Unterschätzt hatte er anfangs, wie viel Zeit es bedarf, eine Internetseite auf dem Laufenden zu halten. Auch an Garantiefälle hatte er bei der Anmeldung seines Gewerbes zunächst keinen Gedanken verschwendet: „Den Einfall hatte ich erst, als die Leute mit einem kaputten Rad zurück zu mir kamen.“ Mit so einem hohen finanziellen Aufwand hatte er auch nicht gerechnet. „Ich habe anfangs 20 Räder gekauft, das ging schon ganz gut ins Geld“, gibt Felix zu.
Sein kleines Unternehmen sei relativ leicht mit dem Studium vereinbar und scheint die perfekte Alternative zum Nebenjob: „Die Kunden kommen zu mir, wenn ich Zeit habe. In Prüfungszeiten mache ich weniger, in den Semesterferien mehr für meinen Fahrradladen. Worauf ich achten muss, ist, dass nicht alles ausverkauft ist.“ 20 Fahrräder hat er schon verkauft, mit seinem Handel macht er bereits Gewinne.
Zu seinem trockenen VWL-Studium sei sein Fahrradhandel ein toller Anreiz, um in die Wirtschaft einzusteigen. „So macht das Studium viel mehr Spaß und man lernt auch mal die andere Seite kennen.“ Er würde es sich wünschen, dass die Uni junge Leute bei ihren Ideen unterstützte, gerade VWL-Studenten erleichterte dies das doch sehr praxisferne Studium.
Haschke hat viele Pläne
Auch Sohil hätte sich etwas Unterstützung von der Uni oder ein Netzwerk von weiteren studentischen Jungunternehmern gewünscht. Das Gründungsmanagement war auch ihm unbekannt. Dass die Uni bei der studentischen Unternehmensgründung in Heidelberg keine große Rolle spielt, bestätigt die Studie „Vom Studenten zum Unternehmer: Welche Universitäten bieten die besten Chancen?“ von 2011. In dem Ranking belegte Heidelberg von 64 untersuchten Hochschulen Platz 60.
Möglicherweise ändert sich das bald, denn Haschke hat viele Pläne. Zum einen will er das Gründungsmanagement in sozialen Netzwerken und mit Hilfe von Plakaten bekannter machen, zum Anderen hat er es sich zur Aufgabe gemacht, die Enterpreneurship-Lehre in Heidelberg auszubauen.

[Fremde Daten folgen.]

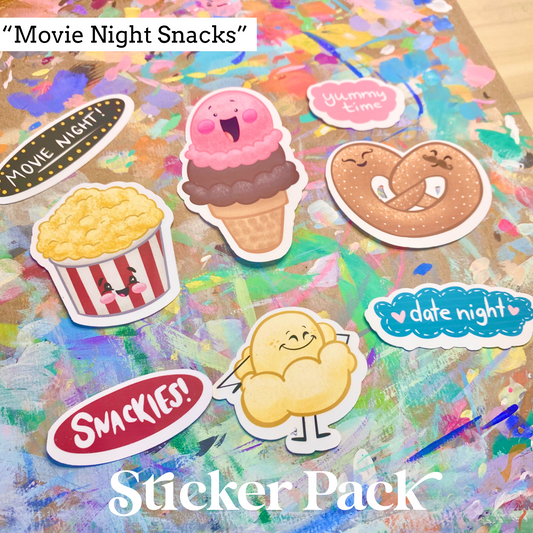 “Movie Night Snacks" Sticker Pack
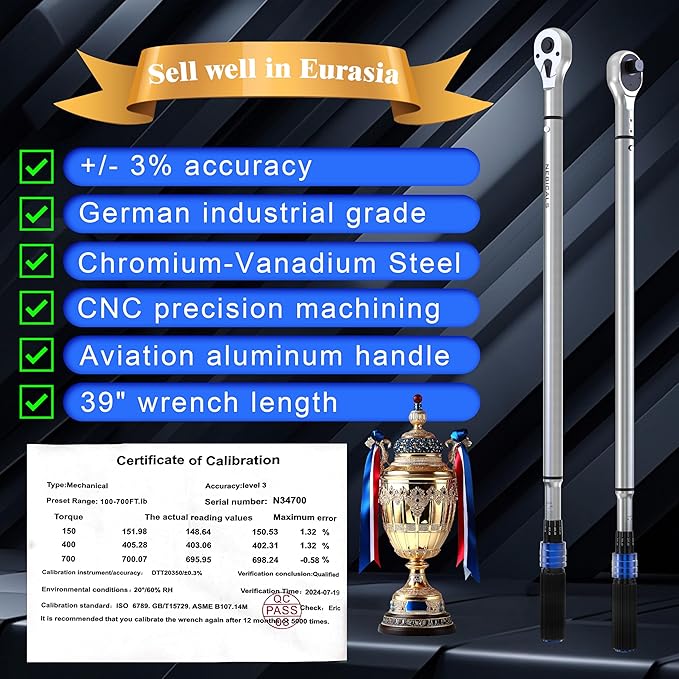 3/4'' Inch Drive Torque Wrench 100-700 Ft Lb / 135-949 Nm/Heavy Duty/Dual Direction/High hardness/Long lifetime/Stored In a Solid Case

Bisher beschränkt sich das Angebot zum Thema Unternehmensgründung auf drei Lehrveranstaltungen pro Jahr in drei Studiengängen. „Die Uni sieht ihren Schwerpunkt nicht im Gründerbereich. Das möchte sie lieber anderen Unis überlassen“, erklärt Haschke. Aus seiner Sicht sei es neben der Forschung Aufgabe der Hochschulen, auf den späteren Beruf vorzubereiten: „Existenzgründung und Selbstständigkeit ist ein möglicher Karriereweg und da gehört es an der Uni dazu, Möglichkeiten aufzuzeigen und entsprechendes Handwerkszeug mitzugeben.“
Das Gründungscafé soll nur ein Weg sein, um dies zu ermöglichen. Haschke zeigt sich diesbezüglich verhalten optimistisch. Die Grundeinstellung der Uni bezüglich des Gründungsbereichs ändere sich zurzeit ein wenig. „Man realisiert, dass es hier auch Möglichkeiten gibt, mit Ausgründungen Geld zu verdienen. Das ist ein langwieriger Prozess. Erfolgreiche Gründungen helfen dabei, die Unileitung zu überzeugen.“
Studie: „Vom Studenten zum Unternehmer“
Die vom Bund geförderte Studie des Lehrstuhls für Wirtschaftsgeografie und Tourismusforschung der LMU München untersucht alle zwei Jahre die akademische Gründungsförderung an deutschen Hochschulen. Die Grundlage des Rankings sind acht Kriterien. Die Universität Heidelberg gehört zu den Hochschulen mit dem größten Punkteverlust. Die Autoren der Studie bemängelten insbesondere das spärliche Angebot von Lehrveranstaltungen zum Thema Unternehmensgründung. Zudem beobachteten sie einen rückläufigen Trend bezüglich der Kommunikation bestehender Angebote.